To start, we will assume you are already past the point of outright accepting or rejecting the order. You are stuck in the middle, looking for a clue to decide the outcome of the customer. To do this, most eCommerce stores have their customer support or dedicated professional fraud review the order. Once you have reviewed the order, there is an option to verify the individual through additional friction. We will only cover post-checkout verifications as they can usually be swapped into any point of a customer’s purchase journey. There are non-additional friction methods such as 3rd party data sources; however we have found those don’t always give a clear answer. Shopify details some basic fraud verification tips. Having another data point might be enough to tip the scale into a decision about the order finally. So, what are these verification options, you might ask?

  1. ID Verifications – This is the most common we see eCommerce stores asking to complete an order. However, this is a huge ask for most e-commerce transactions. Many customers will be offended by a store that thought to ask them for their ID. It depends on your industry and customers to know if you can get away with the request. For age-restricted purchases such as drugs and alcohol, this is an understandable request. However, it is excessive and not even a problematic deterrent for most fraudsters for most other transactions.

  2. Credit Card Last 4 – Another less privacy-invasive method to verify but one that can result in substantial security compromises. Typically a merchant will have the first six and last four digits of a card. This verify method attempts to check physical possession of the card used in your shop. As long as the shop can verify the credit card picture with the name and numbers expected, they can approve the order. However, you now open yourself to bigger security issues as some users will make mistakes and not cover up the entire card number representing a potential PCI issue. Tools like Trust Swiftly can automatically detect whole card numbers in the image and reject them, forcing the customer to upload the card image properly.

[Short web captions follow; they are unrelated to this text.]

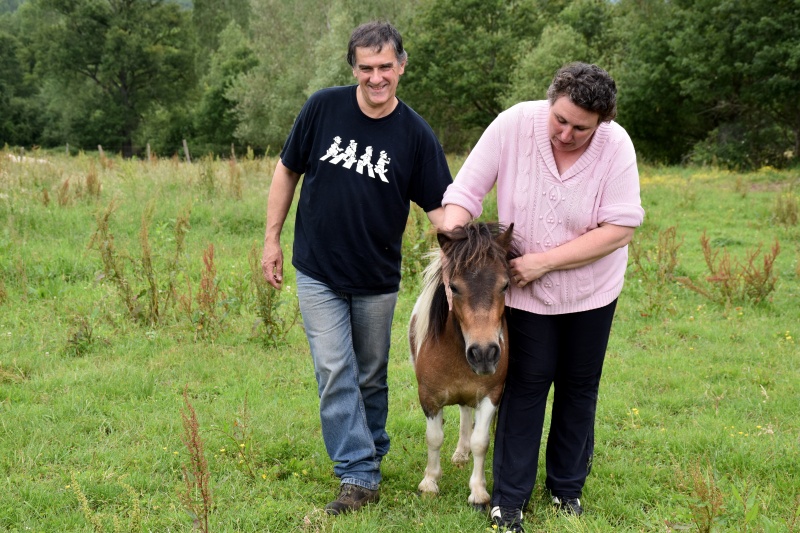 Une coccinelle de Liberté, adoptée par Patrick et Valérie en 2016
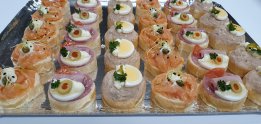 Canapés pour vos apéritifs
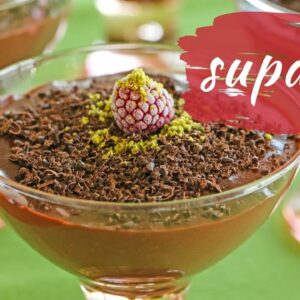 SUPANGLE (Turkish Chocolate Pudding)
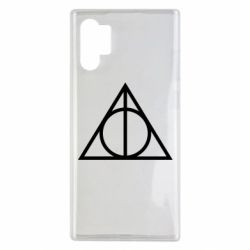 Чохол для Samsung Note 10 Plus Harry Potter logo - PrintSalon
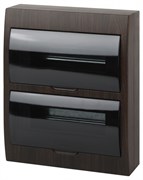 ЭРА Корпус пластиковый ЩРН-П-24 ЭРА BOXF 24_O IP41 дуб Б0055553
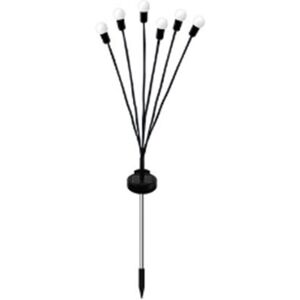 TLILY 2 Pcs LED Firefly Solar Lights Waterproof Lawn and Ground Plug Garden Decoration Outdoor Lighting TLILY 2 Pcs LED Firefly Solar Lights Waterproof Lawn and Ground Plug Garden Decoration Outdoor Lighting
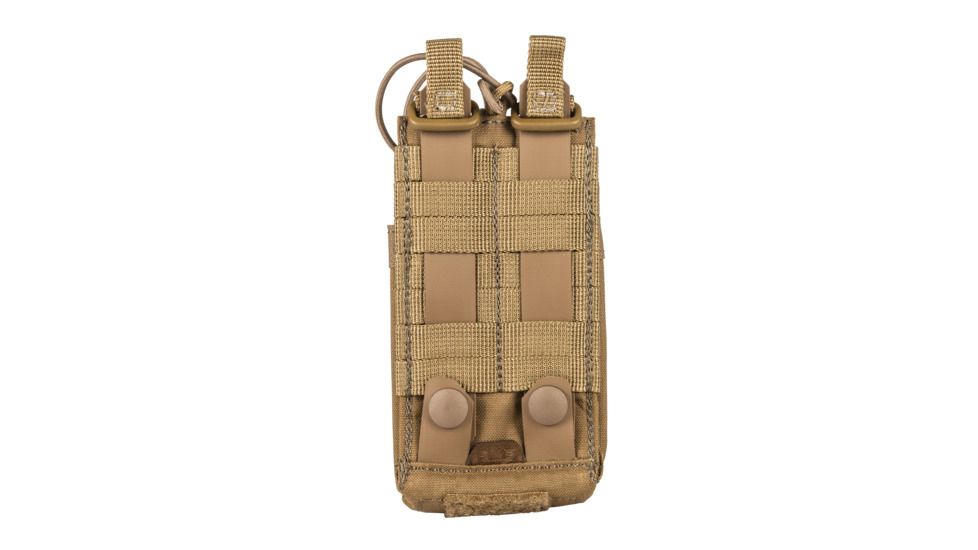 5.11 Tactical Flex Radio Pouch, Kangaroo, One Size, 56428-134-1 SZ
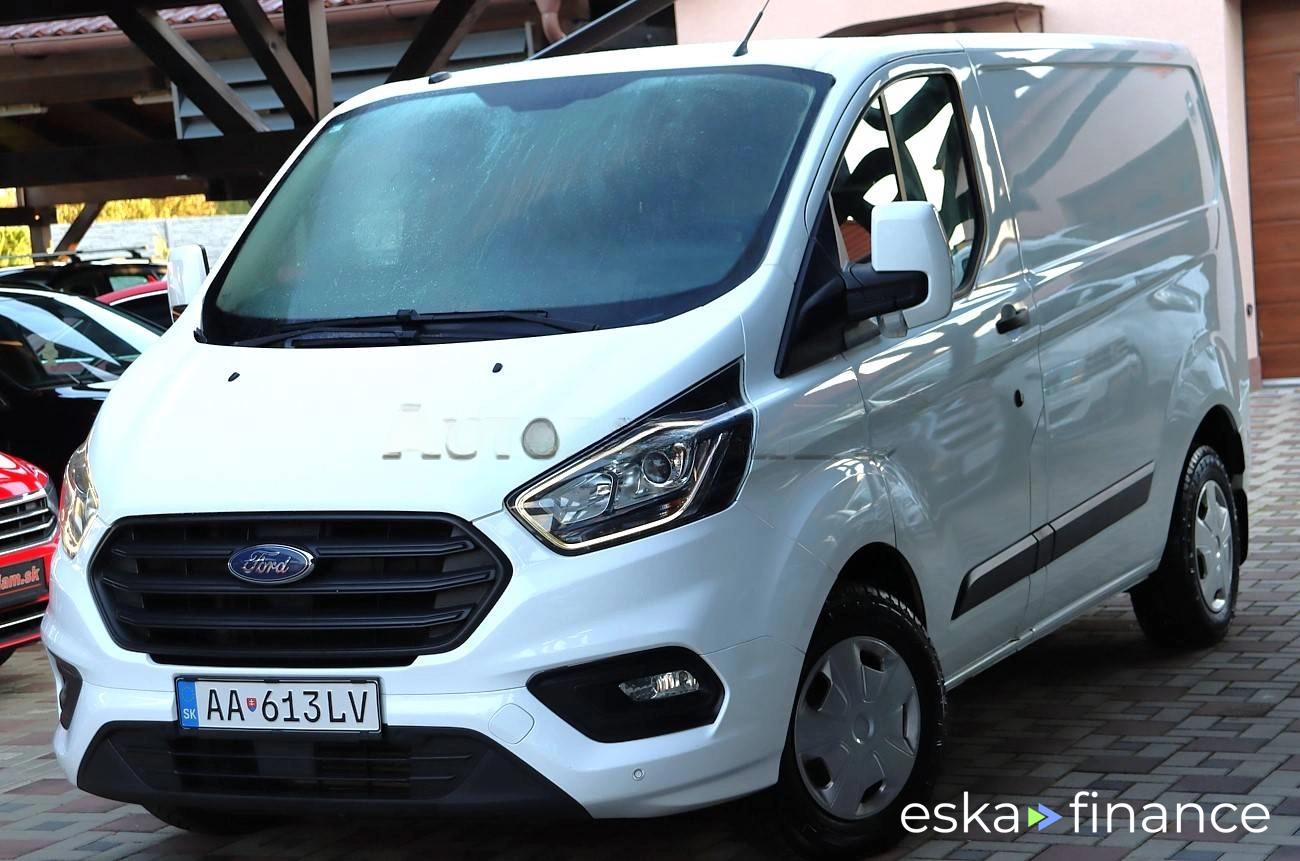 Lízing Van Ford Transit Custom 2018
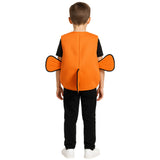 Déguisement Enfant Poisson Clown et Dory Costume Pour Halloween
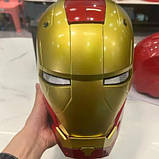 Конструктор IRON MAN Mask шолем Марвел великий набір сумісний з LEGO, фото 3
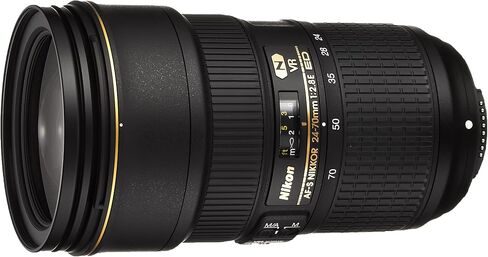 Nikon AF-S NIKKOR 24-70mm f/2.8E ED VR Lens in Saudi Arabia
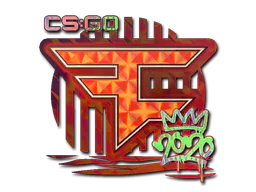 Sticker FaZe (Holo) | 2020 RMR - Preço e onde comprar no CS2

  3. Bank Receipt – Requesting a bank receipt or app image of the recent bank activity is another way to prove ownership of a credit card. In this case, the customer will take a screenshot of their transaction, which should show unique identifiers like your merchant name, URL, and phone number. This is a preferred method by many customers as they are not giving up any sensitive data, and you can confirm their ownership by checking some data from the image. You should ascertain that their bank name matches the expected card and that all the merchant identifier data is similar to your store. There are a few downsides to this method as bank receipts vary significantly between apps and websites. Sophisticated fraudsters can also try to forge a fake pass. Next, some transactions might not show up if the bank takes time to display the information. This can be deterred by using a dynamic statement to match an expected description with the transaction.

  4. Trust Swiftly Card Verify – We have built a unique card verification system that securely verifies ownership of a credit card. Using 3DS2 combined with a random authorization debit, we can ensure the security of the transaction. This technique results in the quickest and most automated method for verifying an eCommerce customer. This method goes explicitly after most fraudsters' stolen credit card operations. They will have all the cardholder details, and even some use 3DS interception tools to get the 2FA code. However, with Trust Swiftly’s method, they would need access to the user's statement activity which is extremely difficult.

  5. Misc Verification – Calling the customer to ask about the transaction to confirm it is a quick method. As well as sending an SMS to verify their phone exists and populate any data from it. Both these methods can also be automated by Trust Swiftly. Even a simple email or live chat session can uncover a fraudster vs a genuine customer.

In the end, each of these methods can be applied in certain situations. However, we do not advise using ID verifications right off the bat unless necessary. Just look at some eCommerce stores reviews that collect IDs as part of their fraud prevention. Trust Pilot will show plenty of 1-star reviews from mad customers about the verification process. We just touched the tip of verification options available to eCommerce stores. Trust Swiftly has over 15 different methods now that can be tailored for your unique situation.